Assigned task |
Among the entries below, find the line with "Stylo à encre arc-en-ciel de la licorne", then quote it and each following line up to and including the line with "Gorvain Extra Light", and nothing else.

Record extracts |
• • • •
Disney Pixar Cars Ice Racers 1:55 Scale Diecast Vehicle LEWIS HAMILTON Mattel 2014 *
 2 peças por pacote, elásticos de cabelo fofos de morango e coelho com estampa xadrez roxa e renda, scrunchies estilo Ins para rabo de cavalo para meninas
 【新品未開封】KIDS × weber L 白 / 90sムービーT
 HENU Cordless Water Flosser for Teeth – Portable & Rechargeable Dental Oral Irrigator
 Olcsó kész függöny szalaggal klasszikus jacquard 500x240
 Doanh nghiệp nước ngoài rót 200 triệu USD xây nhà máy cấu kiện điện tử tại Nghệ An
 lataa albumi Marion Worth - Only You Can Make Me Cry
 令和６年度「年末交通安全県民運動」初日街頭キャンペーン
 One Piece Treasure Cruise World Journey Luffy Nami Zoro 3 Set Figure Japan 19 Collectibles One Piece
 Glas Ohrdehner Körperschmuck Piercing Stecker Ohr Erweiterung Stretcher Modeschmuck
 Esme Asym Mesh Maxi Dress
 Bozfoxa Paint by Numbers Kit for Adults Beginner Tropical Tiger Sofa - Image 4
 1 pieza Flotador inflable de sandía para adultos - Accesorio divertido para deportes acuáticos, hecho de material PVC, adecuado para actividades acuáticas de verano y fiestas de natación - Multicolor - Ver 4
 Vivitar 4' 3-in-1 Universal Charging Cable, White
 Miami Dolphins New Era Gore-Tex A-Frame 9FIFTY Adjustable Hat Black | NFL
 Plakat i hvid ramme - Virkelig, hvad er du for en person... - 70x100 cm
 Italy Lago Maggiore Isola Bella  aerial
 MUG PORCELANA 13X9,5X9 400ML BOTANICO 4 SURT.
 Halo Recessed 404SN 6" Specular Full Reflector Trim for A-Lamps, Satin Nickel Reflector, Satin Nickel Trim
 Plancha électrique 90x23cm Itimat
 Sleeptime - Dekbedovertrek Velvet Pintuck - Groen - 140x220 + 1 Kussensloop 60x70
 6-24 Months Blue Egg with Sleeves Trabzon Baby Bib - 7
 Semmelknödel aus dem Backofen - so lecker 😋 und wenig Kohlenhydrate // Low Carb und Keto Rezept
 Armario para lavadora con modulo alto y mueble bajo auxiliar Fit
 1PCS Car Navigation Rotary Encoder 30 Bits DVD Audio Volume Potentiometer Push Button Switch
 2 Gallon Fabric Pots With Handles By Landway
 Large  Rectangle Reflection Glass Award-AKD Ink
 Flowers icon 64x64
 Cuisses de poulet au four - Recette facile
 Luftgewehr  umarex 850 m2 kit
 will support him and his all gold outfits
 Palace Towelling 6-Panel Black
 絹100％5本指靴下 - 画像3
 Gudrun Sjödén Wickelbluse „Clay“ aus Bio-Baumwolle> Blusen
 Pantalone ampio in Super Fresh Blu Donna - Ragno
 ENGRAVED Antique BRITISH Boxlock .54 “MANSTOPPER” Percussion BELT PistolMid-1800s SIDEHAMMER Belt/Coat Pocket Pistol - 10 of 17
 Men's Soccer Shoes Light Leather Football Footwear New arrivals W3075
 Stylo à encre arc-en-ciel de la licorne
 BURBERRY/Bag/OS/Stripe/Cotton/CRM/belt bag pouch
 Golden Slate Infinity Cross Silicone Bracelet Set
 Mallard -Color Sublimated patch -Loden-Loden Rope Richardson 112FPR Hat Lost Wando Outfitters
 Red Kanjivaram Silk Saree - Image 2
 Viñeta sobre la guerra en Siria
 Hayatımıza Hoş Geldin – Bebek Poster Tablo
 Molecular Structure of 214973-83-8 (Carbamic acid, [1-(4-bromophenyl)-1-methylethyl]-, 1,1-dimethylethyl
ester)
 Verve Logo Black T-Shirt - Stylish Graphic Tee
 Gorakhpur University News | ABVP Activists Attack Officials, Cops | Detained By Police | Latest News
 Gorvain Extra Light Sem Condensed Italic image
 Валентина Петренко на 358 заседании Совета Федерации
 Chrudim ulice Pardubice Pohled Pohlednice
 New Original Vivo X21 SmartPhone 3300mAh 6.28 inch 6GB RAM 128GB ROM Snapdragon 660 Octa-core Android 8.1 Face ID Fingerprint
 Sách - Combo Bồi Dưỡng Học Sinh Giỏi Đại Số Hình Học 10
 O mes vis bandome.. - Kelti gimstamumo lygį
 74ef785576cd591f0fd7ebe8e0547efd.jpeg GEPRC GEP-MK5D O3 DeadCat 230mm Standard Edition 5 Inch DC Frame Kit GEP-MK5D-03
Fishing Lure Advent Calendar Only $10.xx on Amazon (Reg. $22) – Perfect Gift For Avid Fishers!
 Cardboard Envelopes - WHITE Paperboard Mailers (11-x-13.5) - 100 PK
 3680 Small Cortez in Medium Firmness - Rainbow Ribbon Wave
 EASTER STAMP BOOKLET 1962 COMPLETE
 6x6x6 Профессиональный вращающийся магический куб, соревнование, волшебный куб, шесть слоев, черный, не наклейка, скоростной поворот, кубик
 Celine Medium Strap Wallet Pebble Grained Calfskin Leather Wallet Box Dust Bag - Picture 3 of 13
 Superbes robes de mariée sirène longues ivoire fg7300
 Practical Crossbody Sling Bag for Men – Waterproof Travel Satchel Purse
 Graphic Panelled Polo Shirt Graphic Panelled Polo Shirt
• • • •
Solution |
 Stylo à encre arc-en-ciel de la licorne
 BURBERRY/Bag/OS/Stripe/Cotton/CRM/belt bag pouch
 Golden Slate Infinity Cross Silicone Bracelet Set
 Mallard -Color Sublimated patch -Loden-Loden Rope Richardson 112FPR Hat Lost Wando Outfitters
 Red Kanjivaram Silk Saree - Image 2
 Viñeta sobre la guerra en Siria
 Hayatımıza Hoş Geldin – Bebek Poster Tablo
 Molecular Structure of 214973-83-8 (Carbamic acid, [1-(4-bromophenyl)-1-methylethyl]-, 1,1-dimethylethyl
ester)
 Verve Logo Black T-Shirt - Stylish Graphic Tee
 Gorakhpur University News | ABVP Activists Attack Officials, Cops | Detained By Police | Latest News
 Gorvain Extra Light Sem Condensed Italic image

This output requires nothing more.